Dengan mengenakan kostum dan memerankan tokoh tersebut, banyak cosplayer justru merasa lebih autentik, seolah karakter itu menjadi cerminan sisi terdalam diri mereka yang jarang terlihat dalam kehidupan sehari-hari.
Menurut Kasandra, dari sudut pandang psikologi, mengenakan “peran” atau “persona” seperti ini bisa menciptakan ruang emosional yang aman.
Hal itu memungkinkan seseorang untuk mengekspresikan emosi dan identitas tanpa merasa terhakimi, sekaligus membangun kepercayaan diri.
“Menjadi karakter tertentu dapat menjadi pelarian yang sehat dari tekanan identitas sosial yang membatasi,” jelasnya.
Baca juga:
Kasandra mengatakan bahwa aktivitas menjadi cosplayer dapat memberikan sejumlah dampak psikologis positif, terutama dalam hal kesehatan mental, ekspresi diri, dan pembentukan identitas.
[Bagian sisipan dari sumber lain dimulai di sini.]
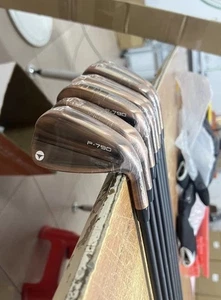 Taylormade P790 Aged Copper Iron Set 4-PW - Picture 1 of 3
“Mengenakan kostum karakter yang dikagumi sering kali membuat individu merasa lebih kuat, berani, atau menarik,” ujarnya.
Dalam jurnal Cosplay: Imaginative Self and Performing Identity karya Osmud Rahman (2012) yang dijelaskan lebih lanjut oleh Kasandra, disebutkan bahwa cosplay menjadi alat membangun kepercayaan diri melalui pengakuan sosial dan penerimaan komunitas.
Lebih lanjut, Kasandra menjelaskan bahwa bagi banyak individu, cosplay berfungsi sebagai coping mechanism yang sehat, yakni sebuah bentuk pelarian dari tekanan hidup atau kecemasan yang disalurkan melalui kreativitas dan imajinasi.
Aktivitas ini memungkinkan seseorang untuk mengekspresikan perasaan, mengeksplorasi identitas, serta menciptakan ruang pribadi yang aman dan menyenangkan di tengah tantangan kehidupan sehari-hari.